Attenders are Friends who attend to the Spirit (however named) using the Friends Meeting for Worship as a vehicle for group (corporate) experience and worship.
If an attender is led by the spirit to seek membership status, she or he should write a letter to the Meeting's Oversight Committee. This triggers a process involving a Clearness Committee wherein the attender tests this leading, a kind of peer review process. See the Meeting's documentation for details.
However, it is not a requirement of Friends that attenders seek membership in order to fully participate in the life of the meeting. Committee work is open to all, and the label of "Friend" is used liberally to embrace all participants in the Religious Society who wish to claim some level of affiliation.
One's level of participation, more than one's status on paper, is often a better gauge of one's degree of commitment to Friends and their testimonies. Attenders may identify themselves as attending Friends e.g. "I attend such-and-such a meeting" whether or not they claim membership status.

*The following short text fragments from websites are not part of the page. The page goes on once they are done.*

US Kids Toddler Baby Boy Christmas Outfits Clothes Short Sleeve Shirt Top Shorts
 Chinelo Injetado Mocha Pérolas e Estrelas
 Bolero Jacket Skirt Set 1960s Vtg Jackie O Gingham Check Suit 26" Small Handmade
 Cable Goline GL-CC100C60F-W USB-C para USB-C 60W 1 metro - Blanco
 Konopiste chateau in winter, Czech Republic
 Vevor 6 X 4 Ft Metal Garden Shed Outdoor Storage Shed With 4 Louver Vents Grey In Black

Membership brings with it some new practices however. Members should expect their Meeting to be involved in carrying out their wishes upon death. What do you want to happen with your Flickr account, your Facebook, your email? What should happen with your body and so forth.
Attenders usually have not taken the step of asking a Meeting for these kinds of services, though I know of exceptions.
Membership, once acquired, may be transferred from Meeting to Meeting by a recognized process (see Faith and Practice or similar documentation). Other forms of membership, not obtained through any specific monthly meeting, may be available, either through a Yearly Meeting or perhaps FWCC. Check manuals for the latest practices or write to the clerk of one of these bodies for more information.
The choice to not pursue membership does not mean one is a second class participant in the life of a Meeting, only that one may have made other arrangements with regard to the dying process.
The practice around weddings is similar: one may have a Quaker wedding without being a member, or be a member yet choose to wed in a different manner, perhaps because other family would prefer to celebrate in a different tradition.
Sometimes a new Meeting will form from a worship group in such a manner that the attenders attain membership in the process of the Meeting itself becoming recognized as part of a larger group of meetings.
However, in the case of breakaway Meetings, affiliation with other Quaker organizations may come later if at all. Not all Friends recognize one another as Friends of their own kind (the division between unprogrammed and pastoral is an old schism, however there are others as well).
Attending Friends may choose to not seek membership because their affiliations extend to other traditions, some of which may be controversial among Friends.
A given membership may collectively fear infiltration by "pagans" or "spies" or "gangs" or "ranters" or "the AFSC" or "clerics" some other persuasion judged "not Friendly enough".
Rather than rock the boat by insisting on membership, attender status may be the way to go i.e. continuing to participate as an attender may be the most "sympatico" or mutually agreeable outcome for a given special case Friend. Ben Franklin might be considered a role model in this regard.
Note that a common practice among Friends, historically speaking, among members and attenders alike, is journaling, which these days might mean blogging.
If you're looking to adopt more Friends' practices, consider taking up journaling in some way shape or form. More and more people are doing that anyway, which might be taken as a sign that Friends were on to something early -- which fact should probably not seem surprising given Friends attend to the leading of the spirit or zeitgeist.